** Given data follows **

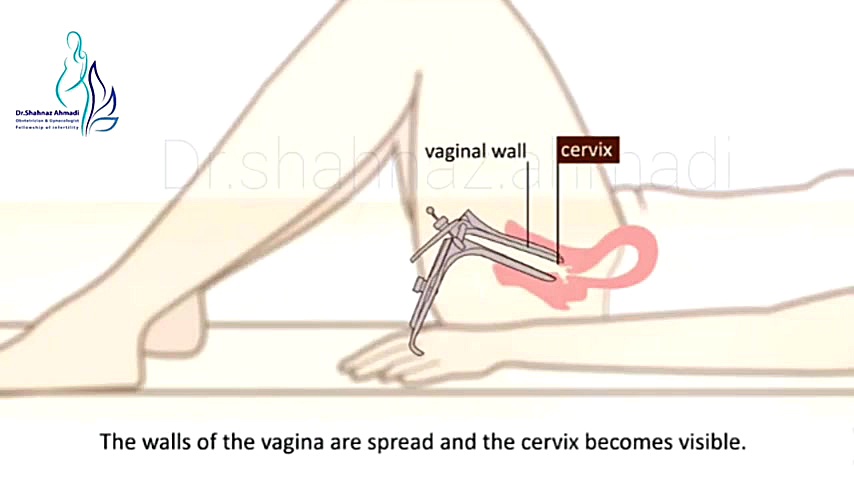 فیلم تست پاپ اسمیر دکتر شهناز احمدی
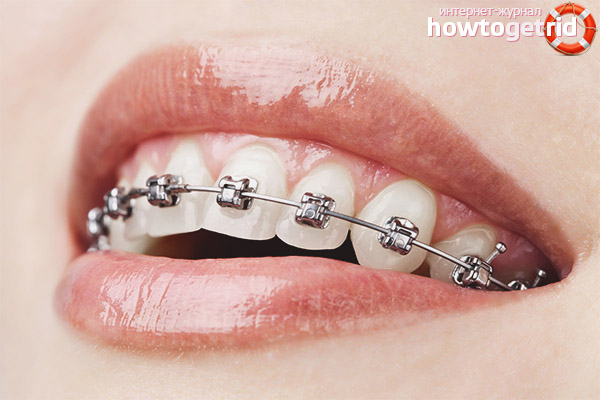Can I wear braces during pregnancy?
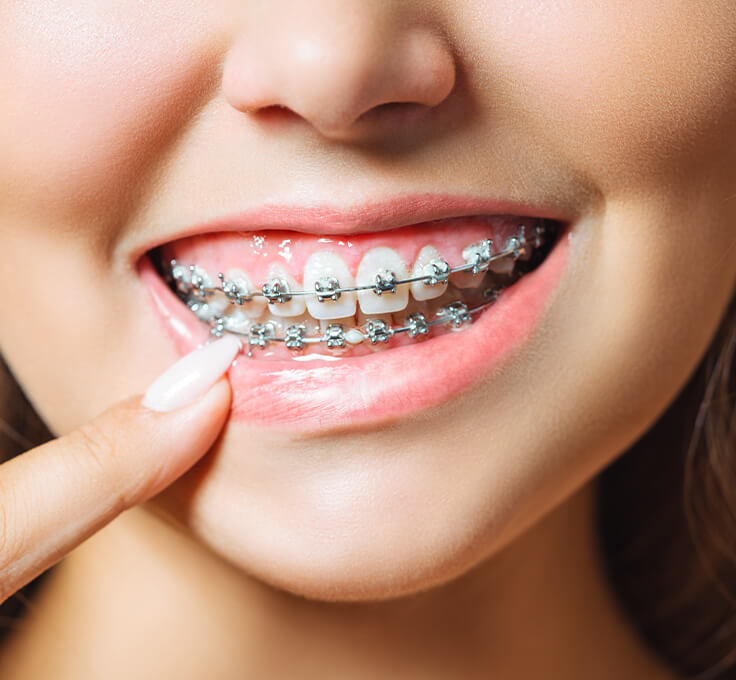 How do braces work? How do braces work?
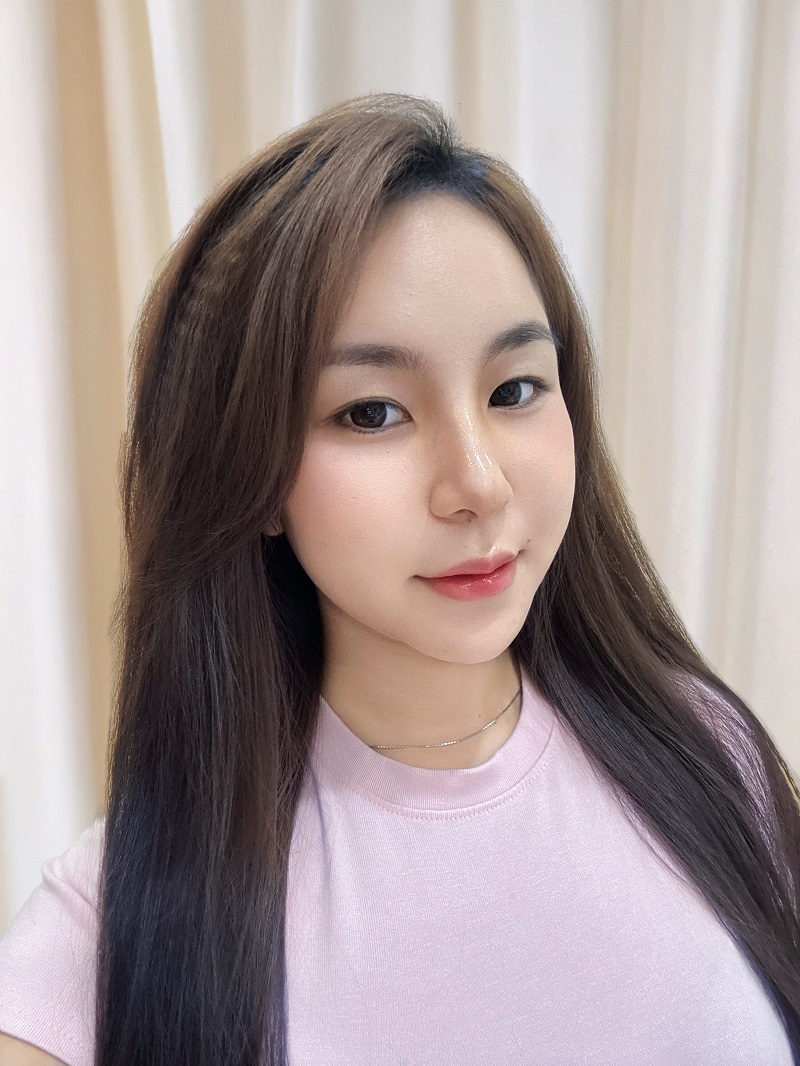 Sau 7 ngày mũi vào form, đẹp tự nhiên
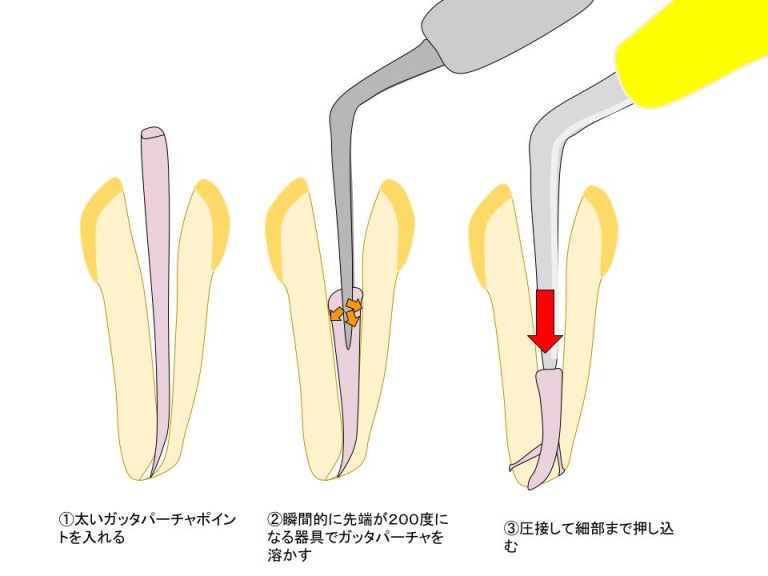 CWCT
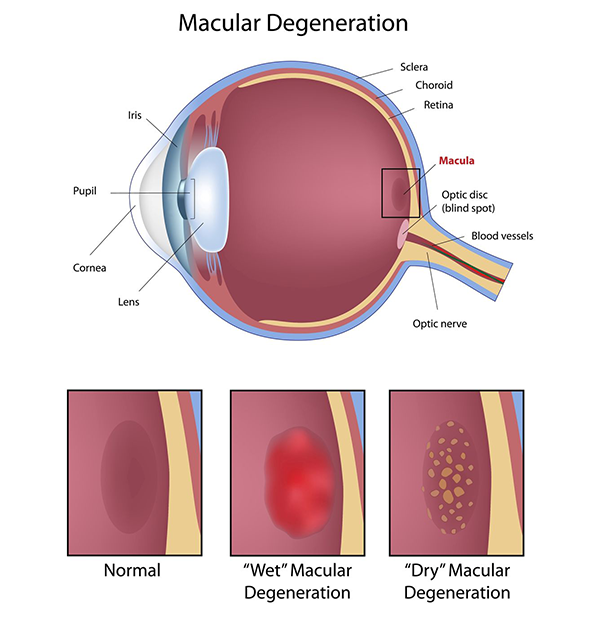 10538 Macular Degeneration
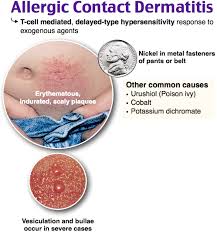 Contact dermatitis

** End of Given data **
** Given data follows **

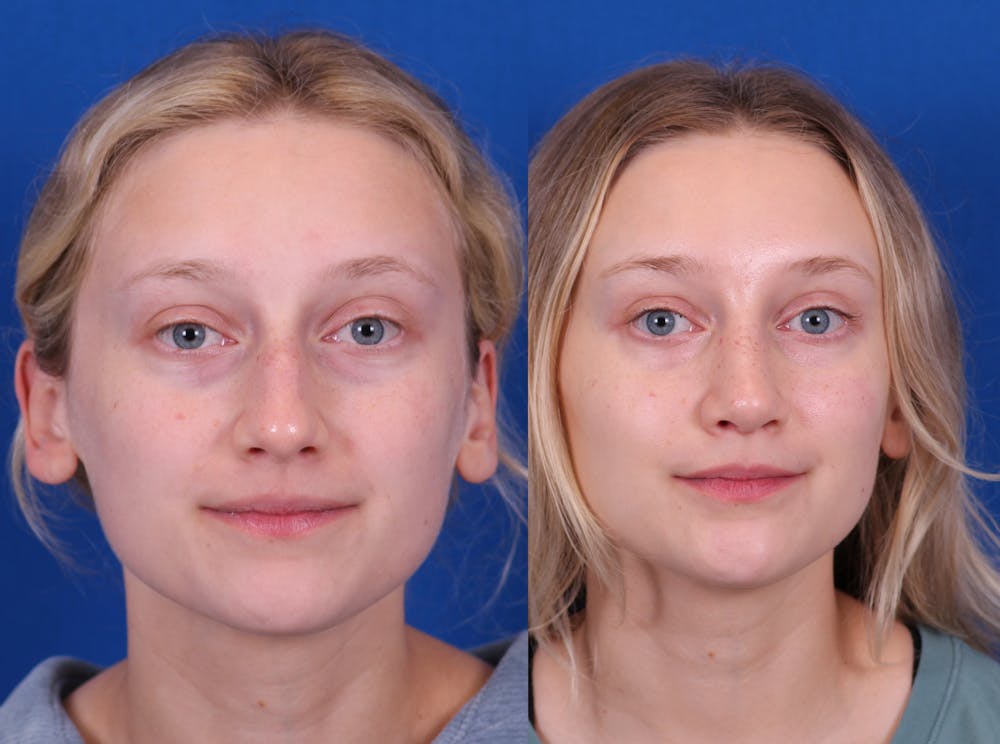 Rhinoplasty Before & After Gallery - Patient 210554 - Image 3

** End of Given data **

Set down exactly the lines above, from the line containing "فیلم تست پاپ اسمیر دکتر شهناز احمدی" through the line containing "Contact dermatitis". Skip the pictures.

 فیلم تست پاپ اسمیر دکتر شهناز احمدی
Can I wear braces during pregnancy?
 How do braces work? How do braces work?
 Sau 7 ngày mũi vào form, đẹp tự nhiên
 CWCT
 10538 Macular Degeneration
 Contact dermatitis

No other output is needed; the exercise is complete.